Begin forwarded message:

> Resent-From: public-appformats@w3.org
> From: "ext Close, Tyler J." <tyler.close@hp.com>
> Date: December 19, 2007 8:17:29 PM EST
> To: "public-appformats@w3.org" <public-appformats@w3.org>
> Subject: Comments on: Access Control for Cross-site Requests
> Archived-At: <http://www.w3.org/mid/ 
> C7B67062D31B9E459128006BAAD0DC3D10BA654A@G6W0269.americas.hpqcorp.net>
> Hi all,
> I'm on the W3C's Web Security Context WG, where we got a request  
> for review of your document "Access Control for Cross-site  
> Requests". I'm glad there's a group working on this problem, as  
> it's functionality that's sorely needed. I've got some comments of  
> my own on your current design and have also collected some feedback  
> from Doug Crockford, which I'm including in the email. We've both  
> independently come to similar opinions on this first draft.
> A significant portion of the proposal is devoted to specifying a  
> policy language for determining whether or not a page from a  
> particular "root URI" should be allowed to issue a cross-domain  
> request to a particular server. I think the problem can be solved  
> without the server and the client software agreeing on such a  
> policy language. For example, rather than have the server specify  
> the rules for cross-domain requests and have the client enforce  
> these rules, the client should simply send the request information  
> to the server and have the server enforce its own rules. I see no  
> advantage to placing this logic in the client, as opposed to the  
> server.
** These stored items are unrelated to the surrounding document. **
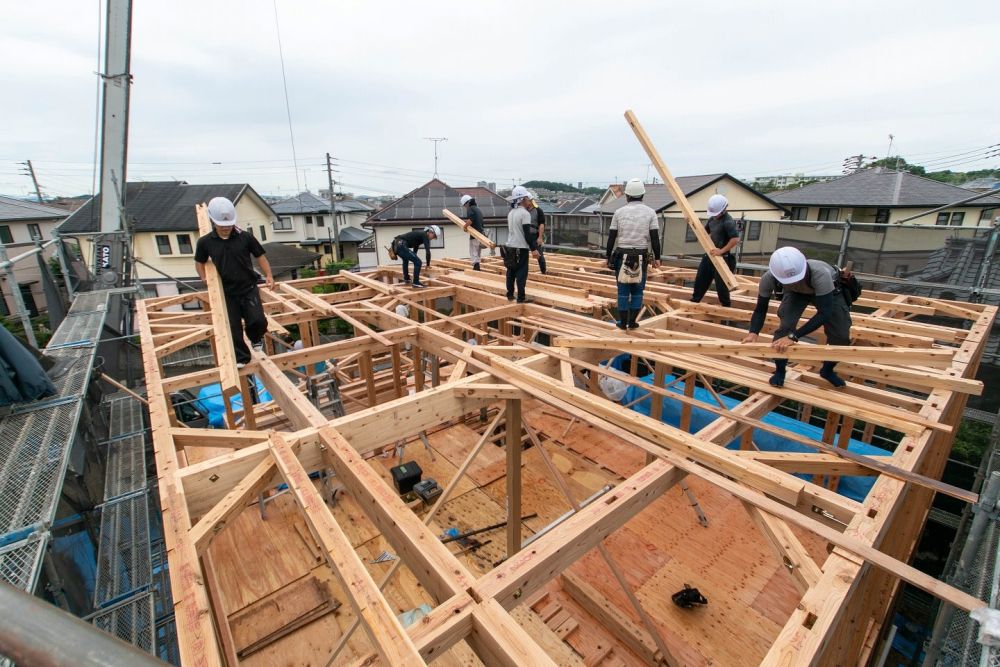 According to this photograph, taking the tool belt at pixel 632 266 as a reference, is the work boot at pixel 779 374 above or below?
below

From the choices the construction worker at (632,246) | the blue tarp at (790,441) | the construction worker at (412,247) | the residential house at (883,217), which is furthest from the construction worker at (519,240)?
the residential house at (883,217)

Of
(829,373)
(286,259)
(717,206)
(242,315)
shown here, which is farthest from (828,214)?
(286,259)

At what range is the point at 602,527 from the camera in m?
2.32

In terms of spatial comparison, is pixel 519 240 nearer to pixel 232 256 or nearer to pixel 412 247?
pixel 412 247

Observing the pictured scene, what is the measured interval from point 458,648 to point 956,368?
4791 mm

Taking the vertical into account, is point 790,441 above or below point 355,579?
below

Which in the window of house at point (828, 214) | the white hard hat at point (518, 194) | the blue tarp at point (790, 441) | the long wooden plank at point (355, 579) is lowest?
the blue tarp at point (790, 441)

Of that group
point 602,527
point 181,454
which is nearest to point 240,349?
point 181,454

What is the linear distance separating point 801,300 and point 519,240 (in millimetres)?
3433

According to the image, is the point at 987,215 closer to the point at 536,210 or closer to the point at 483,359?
the point at 536,210

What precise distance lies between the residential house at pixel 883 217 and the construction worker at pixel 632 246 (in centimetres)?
605

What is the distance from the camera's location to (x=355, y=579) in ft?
6.44

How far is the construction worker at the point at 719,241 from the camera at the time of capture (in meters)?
5.78

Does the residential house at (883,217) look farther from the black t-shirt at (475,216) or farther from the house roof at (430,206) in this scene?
the house roof at (430,206)
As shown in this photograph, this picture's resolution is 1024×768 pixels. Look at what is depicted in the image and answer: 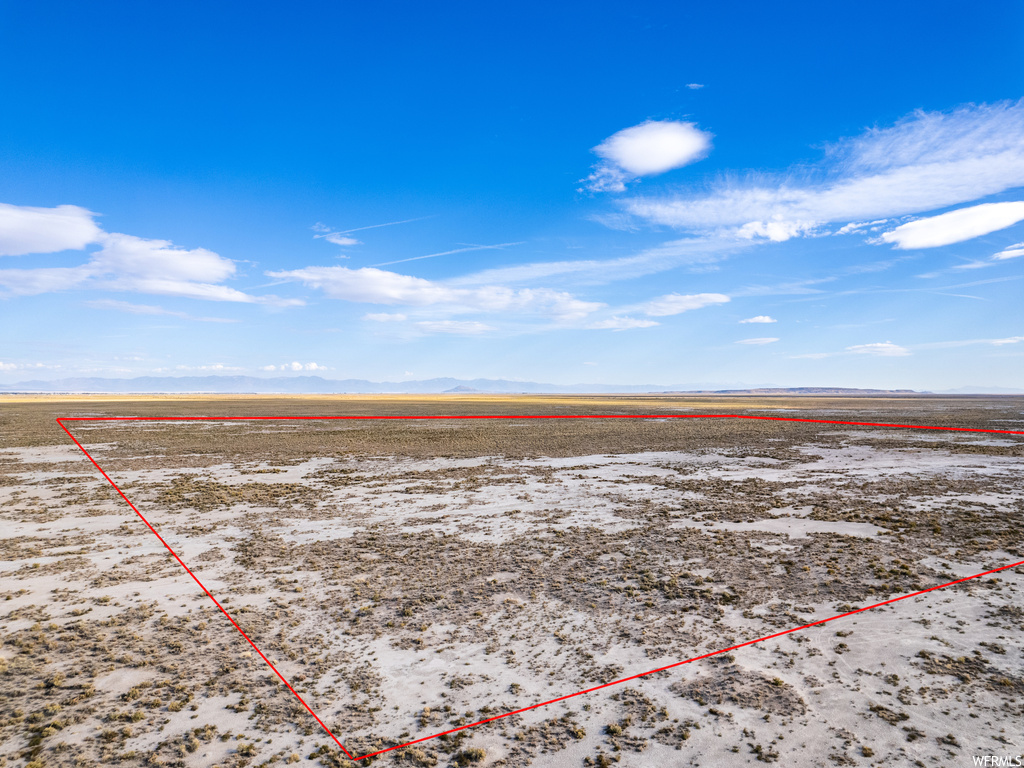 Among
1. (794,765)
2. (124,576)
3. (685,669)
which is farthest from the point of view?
(124,576)

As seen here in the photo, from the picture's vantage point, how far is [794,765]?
4.63m

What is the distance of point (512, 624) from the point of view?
24.1ft

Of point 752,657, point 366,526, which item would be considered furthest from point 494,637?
point 366,526

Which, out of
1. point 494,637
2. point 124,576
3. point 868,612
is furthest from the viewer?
point 124,576

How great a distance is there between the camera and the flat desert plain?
5000mm

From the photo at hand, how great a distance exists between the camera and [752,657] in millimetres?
6402

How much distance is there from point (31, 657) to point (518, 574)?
6517 millimetres

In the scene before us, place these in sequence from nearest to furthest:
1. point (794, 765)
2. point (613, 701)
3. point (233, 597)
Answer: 1. point (794, 765)
2. point (613, 701)
3. point (233, 597)

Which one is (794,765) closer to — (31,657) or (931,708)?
(931,708)

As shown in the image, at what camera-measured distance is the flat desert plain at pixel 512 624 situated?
5000 mm

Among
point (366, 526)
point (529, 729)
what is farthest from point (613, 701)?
point (366, 526)

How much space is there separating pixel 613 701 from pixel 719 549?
5761 millimetres

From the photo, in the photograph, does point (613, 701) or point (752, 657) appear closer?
point (613, 701)

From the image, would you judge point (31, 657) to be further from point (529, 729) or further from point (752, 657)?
point (752, 657) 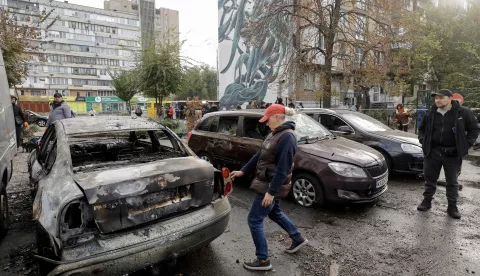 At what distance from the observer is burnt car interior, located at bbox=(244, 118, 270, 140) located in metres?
5.79

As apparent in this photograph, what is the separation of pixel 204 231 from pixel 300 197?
2.51 metres

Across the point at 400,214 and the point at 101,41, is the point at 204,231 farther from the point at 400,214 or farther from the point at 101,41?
the point at 101,41

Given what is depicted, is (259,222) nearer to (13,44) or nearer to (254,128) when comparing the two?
(254,128)

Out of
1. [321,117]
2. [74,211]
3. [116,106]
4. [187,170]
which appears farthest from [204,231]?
[116,106]

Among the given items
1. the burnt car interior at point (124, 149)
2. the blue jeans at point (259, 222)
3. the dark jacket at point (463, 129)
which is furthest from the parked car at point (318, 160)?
the blue jeans at point (259, 222)

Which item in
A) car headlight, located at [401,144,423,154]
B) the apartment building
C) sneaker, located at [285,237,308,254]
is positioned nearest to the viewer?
sneaker, located at [285,237,308,254]

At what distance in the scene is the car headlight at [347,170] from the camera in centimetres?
460

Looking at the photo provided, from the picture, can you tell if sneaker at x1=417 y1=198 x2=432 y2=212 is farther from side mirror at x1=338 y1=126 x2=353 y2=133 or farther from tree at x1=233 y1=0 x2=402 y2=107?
tree at x1=233 y1=0 x2=402 y2=107

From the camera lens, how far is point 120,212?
2.54 m

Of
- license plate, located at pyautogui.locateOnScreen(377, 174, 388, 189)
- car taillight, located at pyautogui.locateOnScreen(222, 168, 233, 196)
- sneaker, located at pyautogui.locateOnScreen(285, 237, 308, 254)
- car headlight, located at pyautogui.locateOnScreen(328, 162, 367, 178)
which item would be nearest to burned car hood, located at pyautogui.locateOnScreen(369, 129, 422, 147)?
license plate, located at pyautogui.locateOnScreen(377, 174, 388, 189)

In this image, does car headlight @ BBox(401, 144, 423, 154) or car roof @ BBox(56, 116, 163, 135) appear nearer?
car roof @ BBox(56, 116, 163, 135)

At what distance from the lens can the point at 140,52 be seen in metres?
18.0

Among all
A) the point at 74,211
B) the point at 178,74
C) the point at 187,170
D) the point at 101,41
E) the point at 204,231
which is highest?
the point at 101,41

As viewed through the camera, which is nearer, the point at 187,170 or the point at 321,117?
the point at 187,170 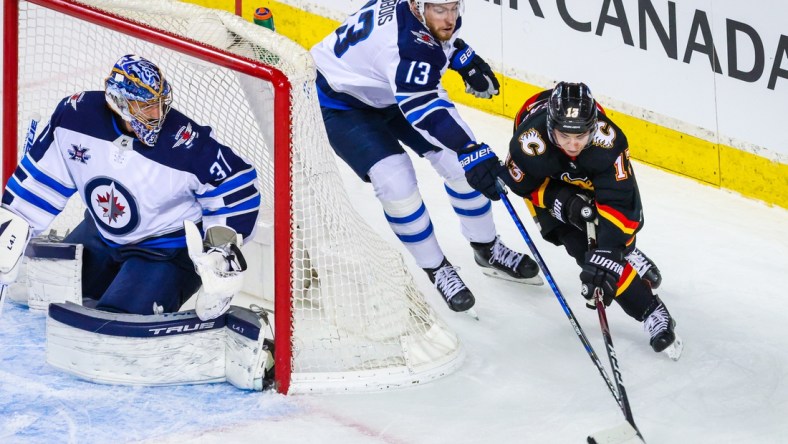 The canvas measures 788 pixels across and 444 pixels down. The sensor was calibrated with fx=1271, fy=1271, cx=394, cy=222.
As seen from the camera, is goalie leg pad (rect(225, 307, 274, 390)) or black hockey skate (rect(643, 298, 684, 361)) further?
black hockey skate (rect(643, 298, 684, 361))

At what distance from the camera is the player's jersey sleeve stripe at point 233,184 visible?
3.51 meters

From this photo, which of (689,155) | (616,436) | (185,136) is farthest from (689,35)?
(185,136)

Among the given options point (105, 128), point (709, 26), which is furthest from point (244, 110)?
point (709, 26)

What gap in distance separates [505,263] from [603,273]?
0.81m

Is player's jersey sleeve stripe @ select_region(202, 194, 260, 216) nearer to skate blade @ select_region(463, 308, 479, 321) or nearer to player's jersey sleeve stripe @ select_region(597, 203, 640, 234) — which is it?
skate blade @ select_region(463, 308, 479, 321)

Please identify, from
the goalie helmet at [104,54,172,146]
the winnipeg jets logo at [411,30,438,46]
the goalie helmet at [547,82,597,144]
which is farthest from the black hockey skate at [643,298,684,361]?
the goalie helmet at [104,54,172,146]

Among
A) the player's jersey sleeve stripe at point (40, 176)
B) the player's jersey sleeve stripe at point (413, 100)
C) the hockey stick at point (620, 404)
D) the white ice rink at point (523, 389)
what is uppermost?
the player's jersey sleeve stripe at point (413, 100)

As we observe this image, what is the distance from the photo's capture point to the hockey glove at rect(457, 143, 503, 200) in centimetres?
374

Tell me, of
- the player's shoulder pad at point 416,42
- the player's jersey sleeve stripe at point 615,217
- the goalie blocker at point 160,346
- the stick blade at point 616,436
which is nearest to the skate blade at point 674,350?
the player's jersey sleeve stripe at point 615,217

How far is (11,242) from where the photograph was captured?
3.47 m

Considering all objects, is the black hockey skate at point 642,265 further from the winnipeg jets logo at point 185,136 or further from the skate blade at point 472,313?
the winnipeg jets logo at point 185,136

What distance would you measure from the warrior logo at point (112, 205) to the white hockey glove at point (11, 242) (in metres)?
0.20

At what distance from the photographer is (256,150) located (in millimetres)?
3855

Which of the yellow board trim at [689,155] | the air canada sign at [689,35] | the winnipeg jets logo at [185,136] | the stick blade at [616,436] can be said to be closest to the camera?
the stick blade at [616,436] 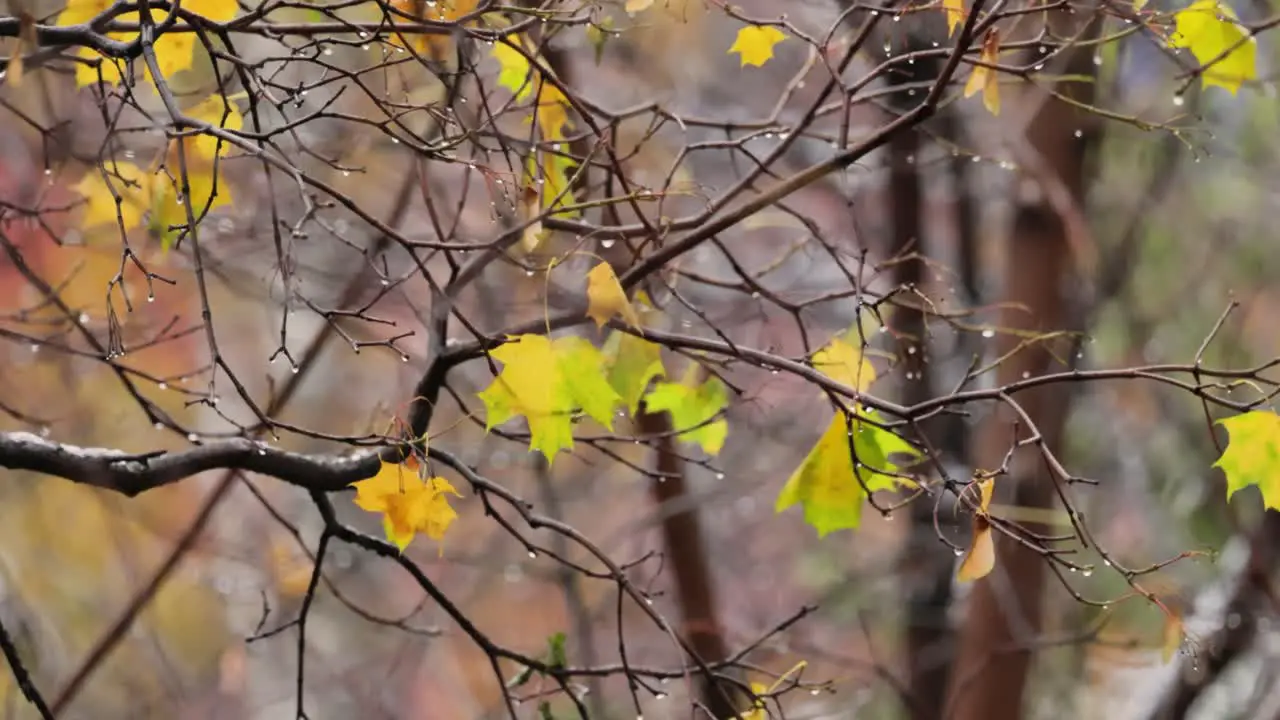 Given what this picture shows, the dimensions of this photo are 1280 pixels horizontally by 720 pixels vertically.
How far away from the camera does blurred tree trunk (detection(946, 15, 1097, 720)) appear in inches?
114

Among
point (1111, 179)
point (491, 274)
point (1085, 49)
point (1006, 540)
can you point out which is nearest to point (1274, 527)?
point (1006, 540)

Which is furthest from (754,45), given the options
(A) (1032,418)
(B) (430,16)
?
(A) (1032,418)

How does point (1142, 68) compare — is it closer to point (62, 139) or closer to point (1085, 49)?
point (1085, 49)

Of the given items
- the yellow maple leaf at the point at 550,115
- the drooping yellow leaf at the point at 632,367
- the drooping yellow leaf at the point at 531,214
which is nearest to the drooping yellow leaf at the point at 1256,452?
the drooping yellow leaf at the point at 632,367

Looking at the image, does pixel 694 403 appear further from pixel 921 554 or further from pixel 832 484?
pixel 921 554

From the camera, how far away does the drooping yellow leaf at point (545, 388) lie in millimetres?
1343

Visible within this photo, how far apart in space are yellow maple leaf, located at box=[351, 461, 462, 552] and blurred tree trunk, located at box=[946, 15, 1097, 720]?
1.80 metres

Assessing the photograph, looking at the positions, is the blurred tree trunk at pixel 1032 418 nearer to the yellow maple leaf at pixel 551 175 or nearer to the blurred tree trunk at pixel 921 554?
the blurred tree trunk at pixel 921 554

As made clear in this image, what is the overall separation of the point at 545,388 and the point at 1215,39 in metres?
0.89

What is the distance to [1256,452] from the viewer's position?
132 cm

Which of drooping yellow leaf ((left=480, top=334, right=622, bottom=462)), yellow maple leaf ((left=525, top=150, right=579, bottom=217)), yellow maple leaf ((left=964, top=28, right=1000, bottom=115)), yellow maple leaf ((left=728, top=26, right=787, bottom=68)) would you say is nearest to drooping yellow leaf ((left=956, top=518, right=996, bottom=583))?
drooping yellow leaf ((left=480, top=334, right=622, bottom=462))

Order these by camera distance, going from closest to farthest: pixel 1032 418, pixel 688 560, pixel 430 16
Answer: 1. pixel 430 16
2. pixel 1032 418
3. pixel 688 560

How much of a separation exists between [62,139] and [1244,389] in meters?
3.30

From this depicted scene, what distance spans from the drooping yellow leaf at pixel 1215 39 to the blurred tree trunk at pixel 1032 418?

Placing the logic in the client introduces significant  
> complexity which creates many opportunities for implementation  
> bugs, specification ambiguity and misunderstanding by web  
> application developers, while possibly limiting the kinds of  
> policies a server can enforce.
> There is also a significant factual error in the document's  
> Introduction:
> """
> However, it is not possible to exchange the contents of resources  
> or manipulate resources "cross-domain".
> """
> It *is* possible to manipulate resources "cross-domain". An HTML  
> page can contain a FORM which submits an HTTP request "cross- 
> domain". Submission of this request can be automated using  
> Javascript. The Same Origin Policy only prevents the HTML page from  
> accessing the response to the issued request. Manipulation is  
> allowed. Only responses are protected, not requests.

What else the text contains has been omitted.